# How to train your differentiable filter

This is a short overview of the following paper (Kloss, Martius, and Bohg 2021):

Kloss, Alina, Georg Martius, and Jeannette Bohg. 2021. “How to Train Your Differentiable Filter.”

Autonomous Robots45 (4): 561–78. https://doi.org/10.1007/s10514-021-09990-9.

## Bayesian filtering for state estimation

Bayesian filters(Thrun 2006) contains a
great explanation of Bayesian filters (including Kalman and particle
filters), in the context of robotics, which is relevant for this
paper. For a more complete overview of Kalman filters, see
(Anderson and Moore 2005).

are the standard method for
probabilistic state estimation. Common examples are (extended,
unscented) Kalman filters and particle filters. These filters require
a *process model* predicting how the state evolves over time, and an
*observation model* relating an sensor value to the underlying state.

The objective of a filter for state estimation is to estimate a latent state \(\mathbf{x}\) of a dynamical system at any time step \(t\) given an initial belief \(\mathrm{bel}(\mathbf{x}_0) = p(\mathbf{x}_0)\), a sequence of observations \(\mathbf{z}_{1\ldots t}\), and controls \(\mathbf{u}_{0\ldots t}\).

We make the Markov assumption (i.e. states and observations are conditionally independent from the history of past states).

\[ \begin{align*} \mathrm{bel}(\mathbf{x}_t) &= \eta p(\mathbf{z}_t | \mathbf{x}_t) \int p(\mathbf{x}_t | \mathbf{x}_{t-1}, \mathbf{u}_{t-1}) \mathrm{bel}(\mathbf{x}_{t-1}) d\mathbf{x}_{t-1}\\ &= \eta p(\mathbf{z}_t | \mathbf{x}_t) \overline{\mathrm{bel}}(\mathbf{x}_t), \end{align*} \]

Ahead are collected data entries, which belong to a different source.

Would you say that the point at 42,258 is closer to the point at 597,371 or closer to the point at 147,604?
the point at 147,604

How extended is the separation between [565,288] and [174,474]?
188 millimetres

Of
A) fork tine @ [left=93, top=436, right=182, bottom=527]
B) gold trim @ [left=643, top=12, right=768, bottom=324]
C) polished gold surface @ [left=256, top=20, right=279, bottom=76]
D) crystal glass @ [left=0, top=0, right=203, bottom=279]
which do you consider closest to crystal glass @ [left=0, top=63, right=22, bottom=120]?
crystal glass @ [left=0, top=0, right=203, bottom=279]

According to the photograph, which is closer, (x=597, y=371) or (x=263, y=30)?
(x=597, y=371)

where \(\eta\) is a normalization factor. Computing
\(\overline{\mathrm{bel}}(\mathbf{x}_t)\) is the *prediction step*, and
applying \(p(\mathbf{z}_t | \mathbf{x}_t)\) is the *update step* (or the
*observation step*).

We model the dynamics of the system through a process model \(f\) and an observation model \(h\):

\[ \begin{align*} \mathbf{x}_t &= f(\mathbf{x}_{t-1}, \mathbf{u}_{t-1}, \mathbf{q}_{t-1})\\ \mathbf{z}_t &= h(\mathbf{x}_t, \mathbf{r}_t), \end{align*} \] where \(\mathbf{q}\) and \(\mathbf{r}\) are random variables representing process and observation noise, respectively.

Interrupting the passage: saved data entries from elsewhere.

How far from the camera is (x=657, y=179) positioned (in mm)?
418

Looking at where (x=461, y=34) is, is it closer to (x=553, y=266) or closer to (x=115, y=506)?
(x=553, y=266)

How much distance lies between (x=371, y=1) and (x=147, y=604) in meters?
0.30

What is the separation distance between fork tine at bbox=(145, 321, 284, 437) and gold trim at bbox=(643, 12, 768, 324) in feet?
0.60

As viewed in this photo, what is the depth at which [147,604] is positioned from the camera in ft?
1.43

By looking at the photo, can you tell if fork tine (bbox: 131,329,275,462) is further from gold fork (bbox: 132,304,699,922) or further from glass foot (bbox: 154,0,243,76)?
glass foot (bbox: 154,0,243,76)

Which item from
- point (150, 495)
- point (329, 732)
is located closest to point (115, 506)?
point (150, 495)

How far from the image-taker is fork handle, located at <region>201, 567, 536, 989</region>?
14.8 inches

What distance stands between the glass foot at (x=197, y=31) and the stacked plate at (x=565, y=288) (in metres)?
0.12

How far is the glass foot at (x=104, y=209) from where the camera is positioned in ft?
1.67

## Differentiable Bayesian filters

These models are often difficult to formulate and specify, especially when the application has complex dynamics, with complicated noises, nonlinearities, high-dimensional state or observations, etc.

To improve this situation, the key idea is to *learn* these complex
dynamics and noise models from data. Instead of spending hours in
front of a blackboard deriving the equations, we could give a simple
model a lot of data and learn the equations from them!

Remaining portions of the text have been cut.